| Exercise instructions |
All lines from the one containing "CAMISETA ASICS LS LARGE LOGO TEE 121464 0904" through the end of the material below are to be printed exactly, both ends included, minus pictures.

[Data section Boundary: Start]

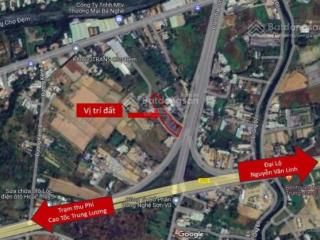 Bán đất chính chủ  trung tâm thị trấn tân túc, bình chánh, tp hồ chí minh  dt 5.413 m2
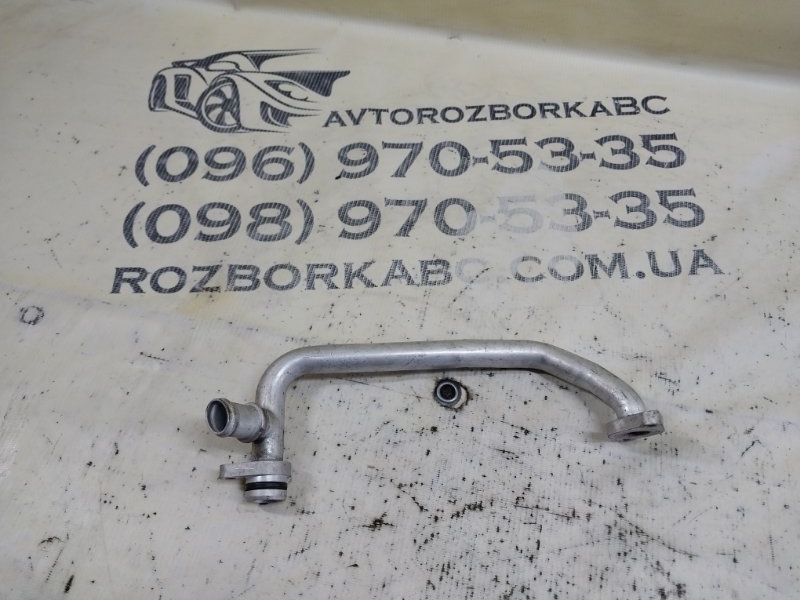 Запчасть трубка охлаждения Audi S5 2017 Coupe 3.0 CWGD 06M121071E Б/У Трубка охлаждения Audi S5 2017 Coupe 3.0 CWGD 06M121071E Б/У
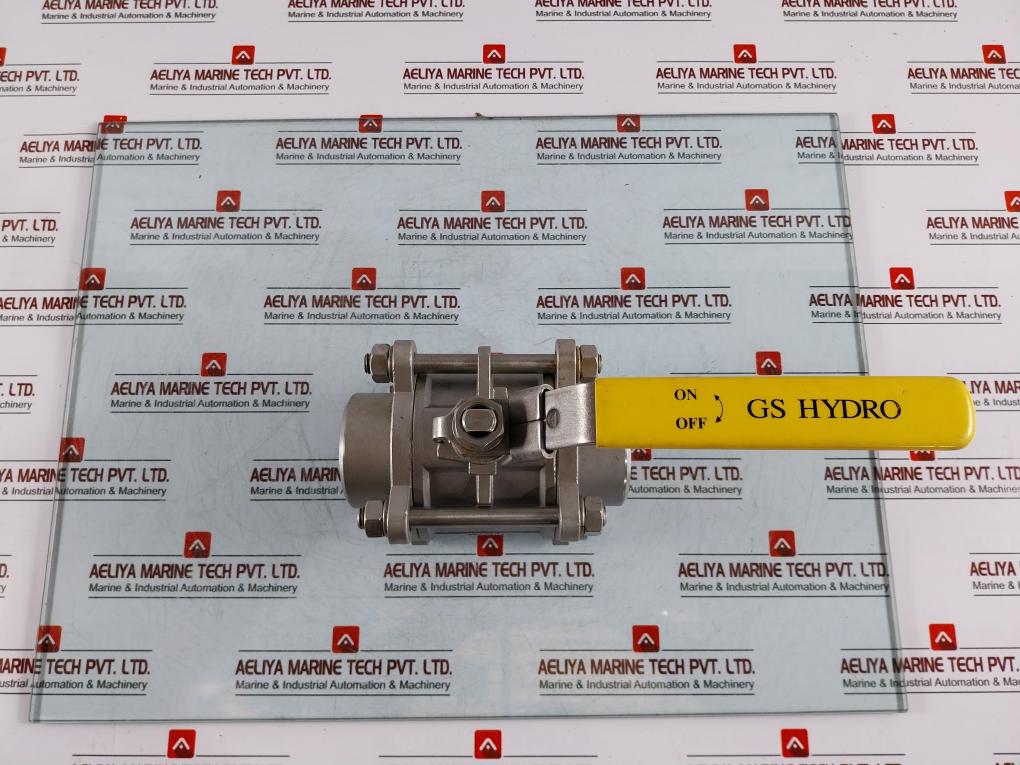 Haitima Gs Hydro Dn65 Pn63 Max. 200°C Industrial Valve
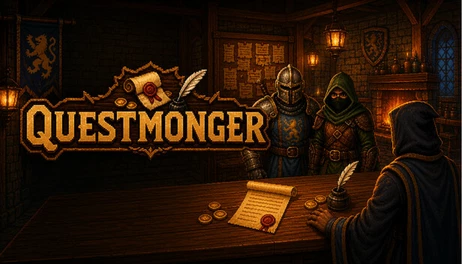 Купить Questmonger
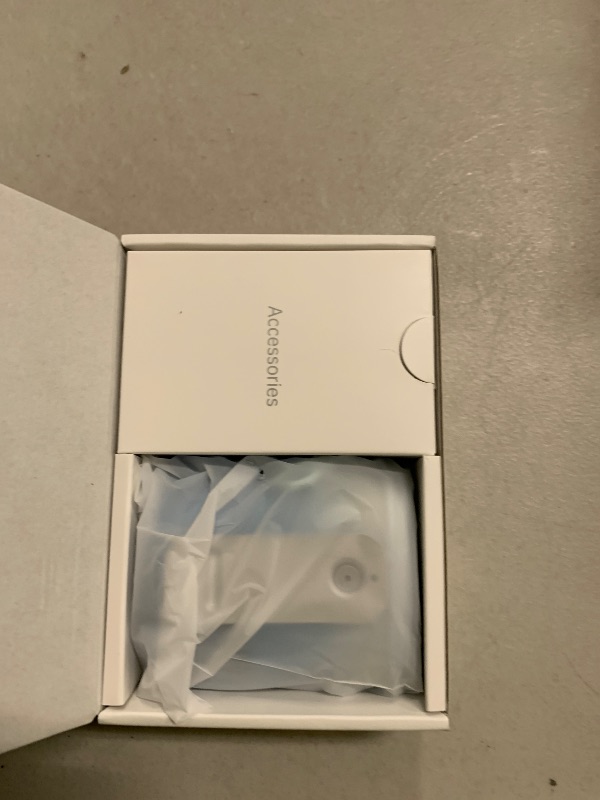 Photo 1 of JISULIFE Portable Neck Fan, 100 Speed Adjustable 40000RPM Cooling, Mini Personal Necklace Wearable Waist Fan, 16H USB Rechargeable 4500mAh with LED Display for Outdoor, Travel, Cmaping Gifts- Blue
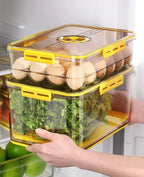 Efficient storage without clutter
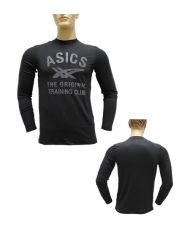 CAMISETA ASICS LS LARGE LOGO TEE 121464 0904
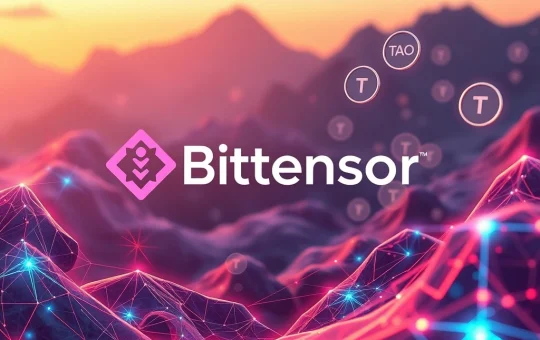 xTAO holds $15.8M in Bittensor tokens, leading decentralized AI innovation.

[Data section Boundary: End]

| Answer section |
 CAMISETA ASICS LS LARGE LOGO TEE 121464 0904
 xTAO holds $15.8M in Bittensor tokens, leading decentralized AI innovation.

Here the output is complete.